_Your assignment:_ Within the listing below, give again exactly the lines between the one containing "Yorkshire terrier puppy's" and the one containing "Ель обыкновенная Нидиформис", inclusive, pictures left aside.
[[ Provided information, beginning ]]
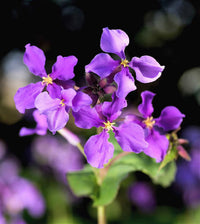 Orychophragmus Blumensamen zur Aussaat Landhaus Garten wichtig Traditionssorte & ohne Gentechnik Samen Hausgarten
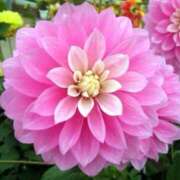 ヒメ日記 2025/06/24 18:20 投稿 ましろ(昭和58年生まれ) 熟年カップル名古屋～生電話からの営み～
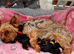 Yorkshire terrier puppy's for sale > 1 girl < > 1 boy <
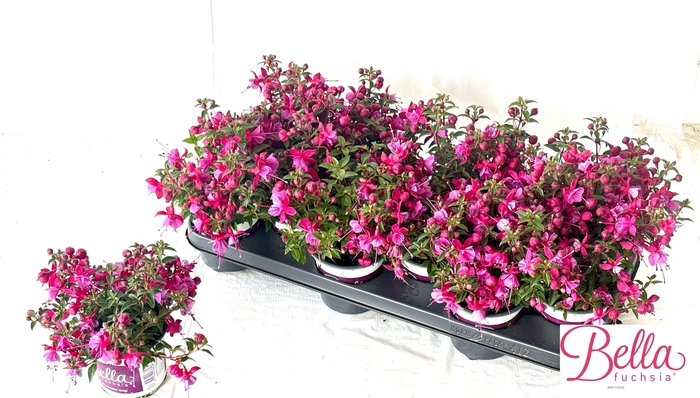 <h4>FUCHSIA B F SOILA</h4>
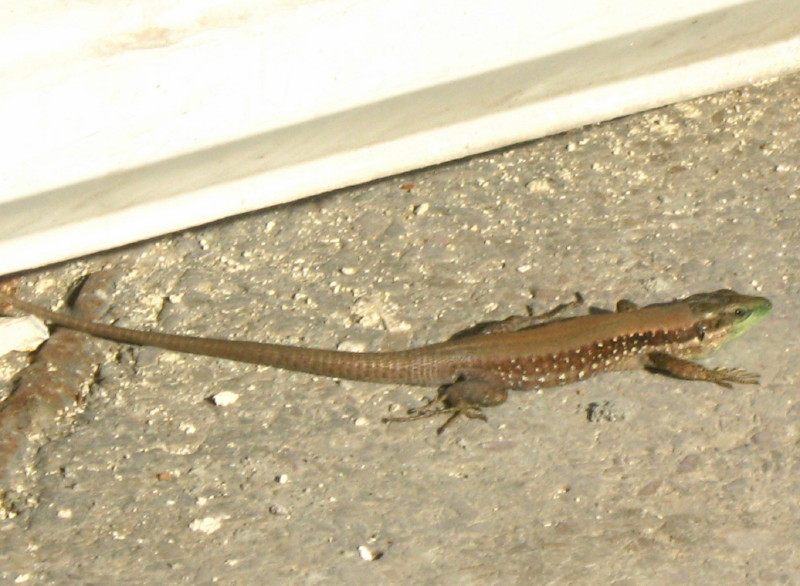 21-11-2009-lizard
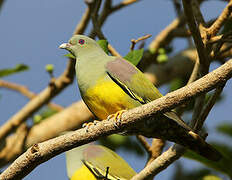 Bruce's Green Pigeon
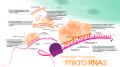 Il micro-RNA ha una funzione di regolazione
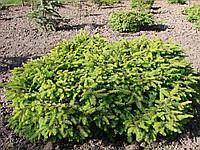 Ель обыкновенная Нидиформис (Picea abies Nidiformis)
[[ Provided information, end ]]
[[ Provided information, beginning ]]
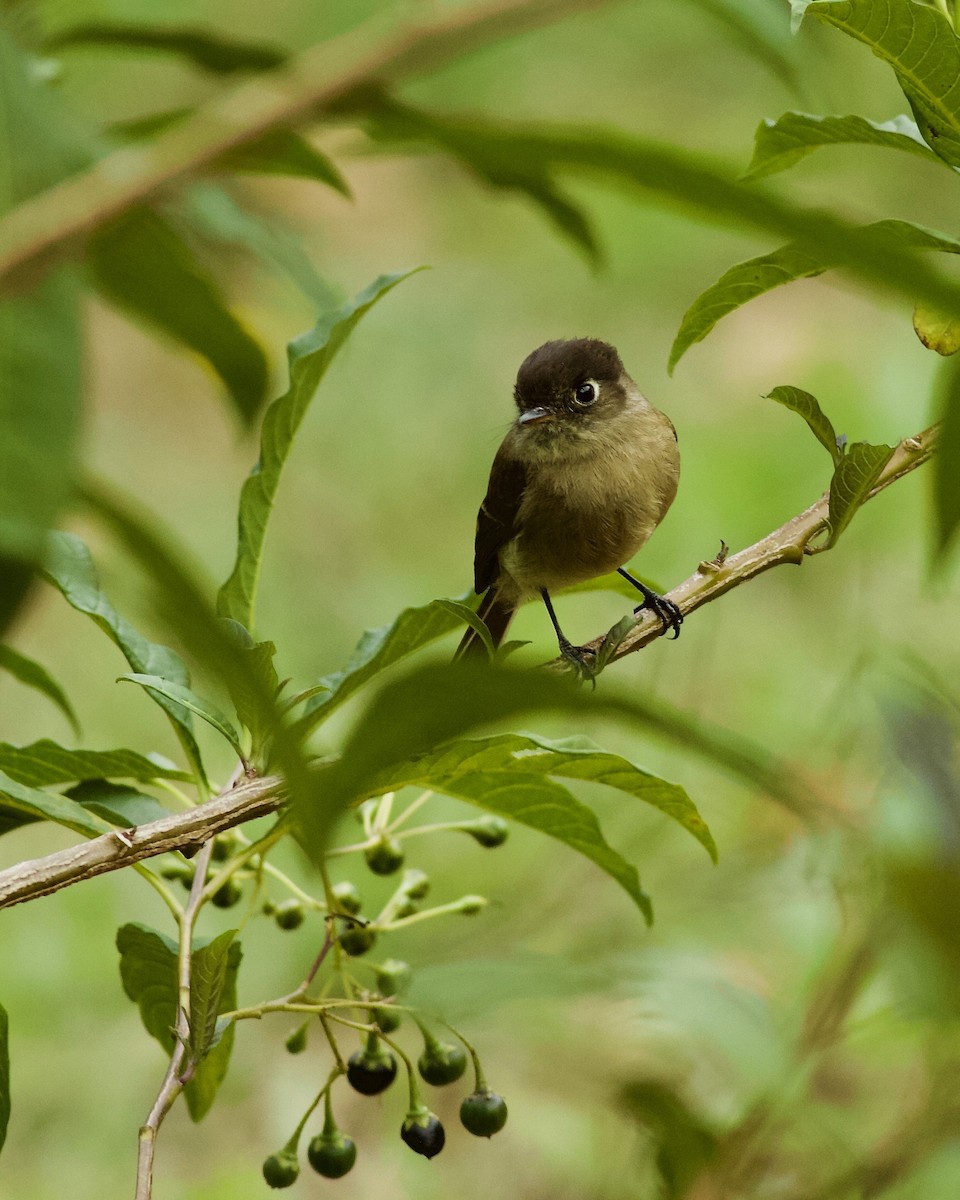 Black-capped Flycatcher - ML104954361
[[ Provided information, end ]]
_Answer to the problem:_
 Yorkshire terrier puppy's for sale > 1 girl < > 1 boy <
 <h4>FUCHSIA B F SOILA</h4>
 21-11-2009-lizard
 Bruce's Green Pigeon
 Il micro-RNA ha una funzione di regolazione
 Ель обыкновенная Нидиформис (Picea abies Nidiformis)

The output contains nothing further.